Néanmoins, grâce aux catéchistes, les missionnaires pouvaient constater de nouveaux mouvements de conversions 410 . En réalité, l’urgence de la formation des catéchistes se faisait sentir parce que les Pères du Sacré-Cœur de Saint-Quentin, avec des moyens pécuniaires réduits, ne pouvaient pas toujours envoyer leurs catéchistes en Ouganda pour recevoir leur formation auprès des Pères Blancs 411 . Par ailleurs, ils pouvaient se plaindre du nombre insuffisant de ces catéchistes dont certains, parfois, n’étaient pas si enthousiastes. C’est ce que le Père Léon Cambron laisse entendre quand il écrit à son confrère :

‘« Ce qui nous manque le plus ce sont ces catéchistes à placer dans les villages ; nous en avons dans les postes les plus importants, mais lors même nous aurions une douzaine, nous trouverions de la place pour les caser. Nous en formons ici, seulement cela ne va pas vite. Nous en avons plusieurs formé par les Pères Blancs du Victoria Nyanza, mais il faut les payer très cher pour les décider à s’expatrier, et, en outre, on n’en trouve pas beaucoup de disponibles 412 ».’

En 1912, avec l’arrivée du Père Victor-Remy Mailier et le Frère François Bergé la mission de Beni projeta une formation commune des catéchistes. En effet, les missionnaires ressentaient le besoin d’une formation sérieuse des catéchistes car l’expérience leur révélait que tout leur apostolat reposait sur le travail des apôtres laïcs 413 d’autant qu’ils souffraient d’une pénurie du personnel évangélisateur. Ce projet ne se réalisa pas à Beni mais pour tout le vicariat apostolique des Falls.

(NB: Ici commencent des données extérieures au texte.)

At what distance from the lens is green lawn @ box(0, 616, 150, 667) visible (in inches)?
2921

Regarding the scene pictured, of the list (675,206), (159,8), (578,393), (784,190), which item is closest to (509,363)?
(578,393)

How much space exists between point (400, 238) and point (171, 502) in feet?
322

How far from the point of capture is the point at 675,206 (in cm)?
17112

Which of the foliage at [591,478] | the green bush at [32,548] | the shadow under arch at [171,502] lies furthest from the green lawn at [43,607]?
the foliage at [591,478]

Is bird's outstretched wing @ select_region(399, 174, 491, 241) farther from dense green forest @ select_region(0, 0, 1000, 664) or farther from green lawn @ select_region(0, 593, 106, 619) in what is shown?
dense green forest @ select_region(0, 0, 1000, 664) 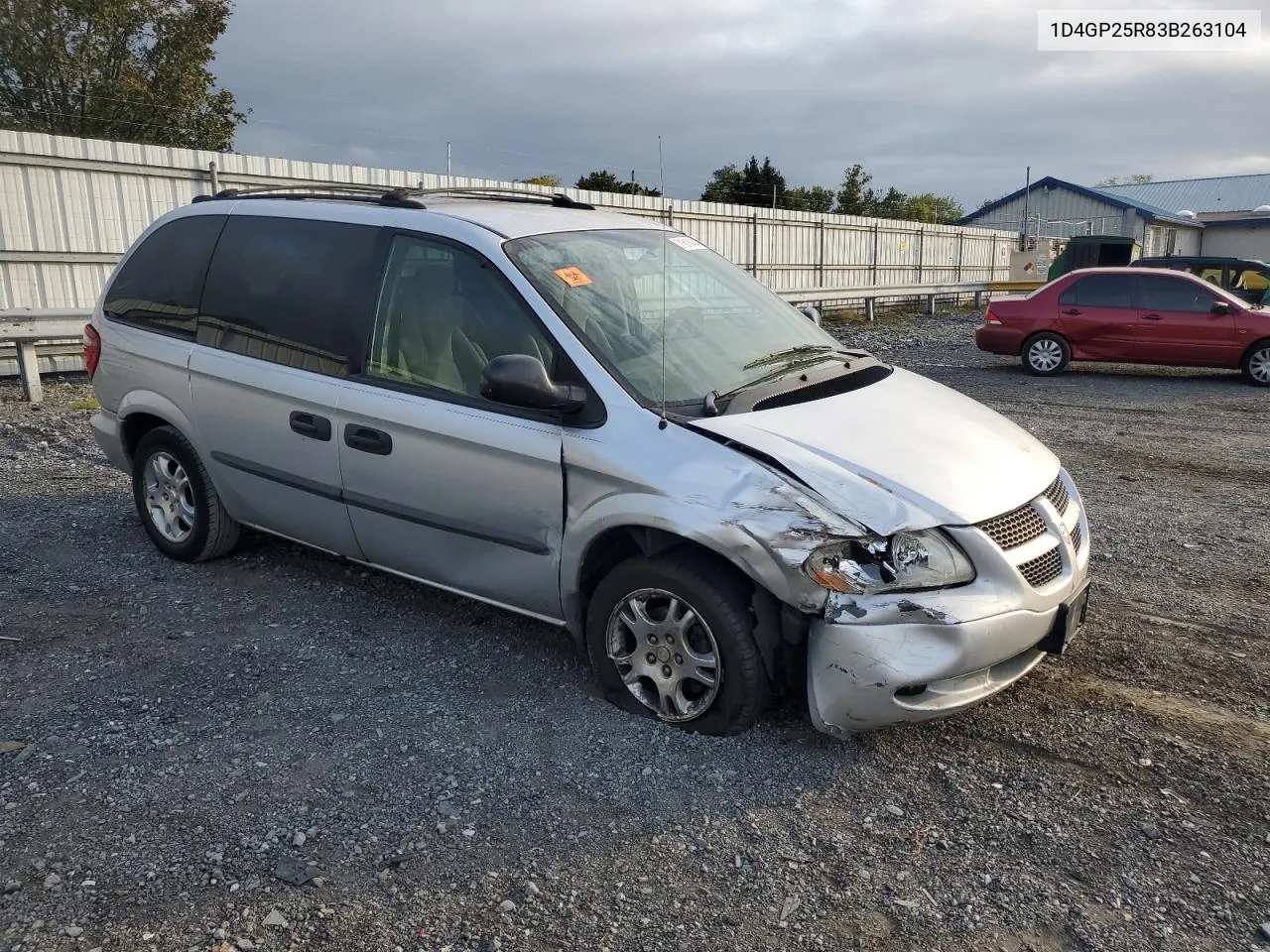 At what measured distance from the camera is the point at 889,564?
3209mm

En janvier 1923, à Avakubi, le vicariat apostolique créa son école pour les catéchistes qui fut transférée en 1927 à Saint-Gabriel à Stanley-Falls. Celle-ci fut fréquentée par les enfants de 12 à 13 ans ayant terminé l’école primaire et dont l’intelligence, la docilité et le bon caractère n’étaient pas mis en doute. Pendant une période de trois ans, les futurs catéchistes recevaient des leçons sur la Bible, la liturgie, les rubriques (kanuni) des cérémonies et le cycle liturgique, les sacrements, l’histoire de l’Eglise, la morale, et les commandements de Dieu. A la fin de chaque semestre, ces enseignements étaient sanctionnés par un examen d’évaluation.

La formation permanente des catéchistes fut aussi une préoccupation des missionnaires. Après les trois années requises pour la formation, les catéchistes, lors de leur ministère, assistaient à une conférence hebdomadaire d’approfondissement de la vie chrétienne. Eux-mêmes, devraient quotidiennement veiller à leur vie intérieure par la pratique de l’examen particulier de conscience et la récitation du chapelet.

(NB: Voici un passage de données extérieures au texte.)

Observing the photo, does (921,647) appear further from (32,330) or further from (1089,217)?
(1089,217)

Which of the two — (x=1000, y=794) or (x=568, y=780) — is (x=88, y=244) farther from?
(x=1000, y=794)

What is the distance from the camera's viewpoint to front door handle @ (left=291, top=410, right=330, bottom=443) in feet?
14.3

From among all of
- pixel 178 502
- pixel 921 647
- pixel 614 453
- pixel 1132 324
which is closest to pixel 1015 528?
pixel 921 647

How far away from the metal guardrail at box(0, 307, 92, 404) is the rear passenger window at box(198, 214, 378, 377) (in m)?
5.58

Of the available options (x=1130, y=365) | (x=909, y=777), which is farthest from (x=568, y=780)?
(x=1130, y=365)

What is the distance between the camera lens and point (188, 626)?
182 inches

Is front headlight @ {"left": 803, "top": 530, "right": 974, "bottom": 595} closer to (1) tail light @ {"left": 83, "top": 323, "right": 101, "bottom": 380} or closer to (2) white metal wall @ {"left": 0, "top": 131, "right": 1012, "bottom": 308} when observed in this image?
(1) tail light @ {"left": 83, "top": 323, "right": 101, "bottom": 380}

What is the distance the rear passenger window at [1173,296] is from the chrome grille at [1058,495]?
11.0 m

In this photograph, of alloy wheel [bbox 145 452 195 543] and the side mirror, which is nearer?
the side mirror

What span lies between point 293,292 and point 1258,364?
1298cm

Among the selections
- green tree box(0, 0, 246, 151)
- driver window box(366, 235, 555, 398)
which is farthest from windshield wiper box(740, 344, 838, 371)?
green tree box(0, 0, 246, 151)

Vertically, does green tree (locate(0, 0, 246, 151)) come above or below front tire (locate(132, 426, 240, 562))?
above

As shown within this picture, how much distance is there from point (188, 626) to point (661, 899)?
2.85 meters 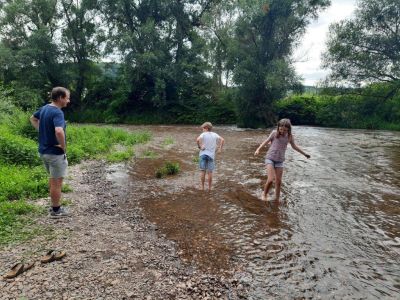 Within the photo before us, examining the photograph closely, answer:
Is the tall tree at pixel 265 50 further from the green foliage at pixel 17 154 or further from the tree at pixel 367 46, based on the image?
the green foliage at pixel 17 154

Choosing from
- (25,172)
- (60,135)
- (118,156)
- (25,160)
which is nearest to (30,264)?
(60,135)

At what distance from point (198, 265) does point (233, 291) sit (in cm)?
89

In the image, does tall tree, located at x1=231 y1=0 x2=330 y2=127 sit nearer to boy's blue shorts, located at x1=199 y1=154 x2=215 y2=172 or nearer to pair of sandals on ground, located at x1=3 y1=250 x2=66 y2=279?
boy's blue shorts, located at x1=199 y1=154 x2=215 y2=172

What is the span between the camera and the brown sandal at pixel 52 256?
531cm

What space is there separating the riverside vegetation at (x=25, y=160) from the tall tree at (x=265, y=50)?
14491 mm

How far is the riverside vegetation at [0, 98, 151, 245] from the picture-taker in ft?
22.6

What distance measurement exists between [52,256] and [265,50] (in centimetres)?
3110

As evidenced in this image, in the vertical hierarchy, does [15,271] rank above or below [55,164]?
below

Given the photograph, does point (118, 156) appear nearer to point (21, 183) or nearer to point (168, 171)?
point (168, 171)

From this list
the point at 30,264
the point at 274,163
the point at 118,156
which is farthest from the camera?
the point at 118,156

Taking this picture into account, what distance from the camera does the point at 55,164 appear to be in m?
7.02

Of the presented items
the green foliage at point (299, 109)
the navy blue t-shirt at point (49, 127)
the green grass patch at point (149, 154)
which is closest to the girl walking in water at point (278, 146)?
the navy blue t-shirt at point (49, 127)

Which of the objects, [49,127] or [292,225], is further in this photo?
[292,225]

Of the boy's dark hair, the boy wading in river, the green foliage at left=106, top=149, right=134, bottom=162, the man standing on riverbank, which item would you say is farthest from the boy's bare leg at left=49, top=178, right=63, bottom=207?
the green foliage at left=106, top=149, right=134, bottom=162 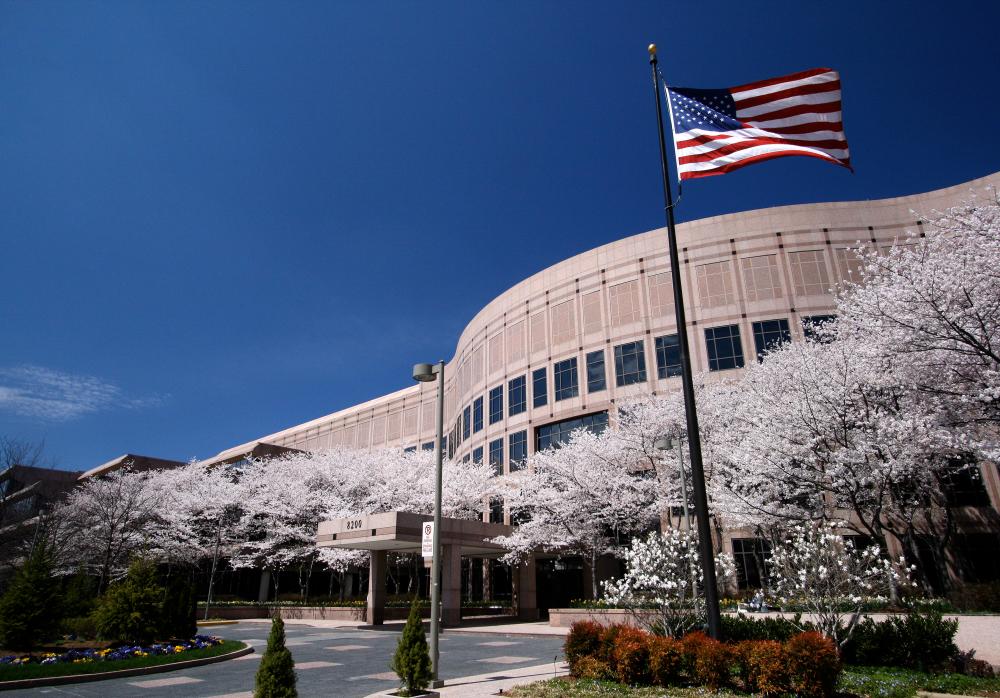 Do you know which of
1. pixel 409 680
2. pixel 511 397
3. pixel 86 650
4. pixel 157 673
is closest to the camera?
pixel 409 680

La formation morale des catéchistes, selon les exigences de Rome, consistait à maintenir une foi vive, une piété sincère et réfléchie, des mœurs irréprochables, une connaissance plus approfondie (scientia) des Saints Mystères, l’humanitate qui consiste à prendre sa vie au sérieux pour avoir une influence sur celle des autres, et l’affabilité des manières et la politesse.

Il s’agissait donc d’inspirer aux futurs catéchistes un grand amour de Jésus-Christ, de raviver en eux la soif du salut des âmes et le sens du dévouement pour elles. Il fallait allumer en eux la « flamme de l’apostolat », corriger progressivement leurs défauts de caractère, susciter en eux l’esprit du sacrifice, les aider à savoir se supporter mutuellement, et enfin leur faire comprendre la nécessité ainsi que la noblesse du travail manuel.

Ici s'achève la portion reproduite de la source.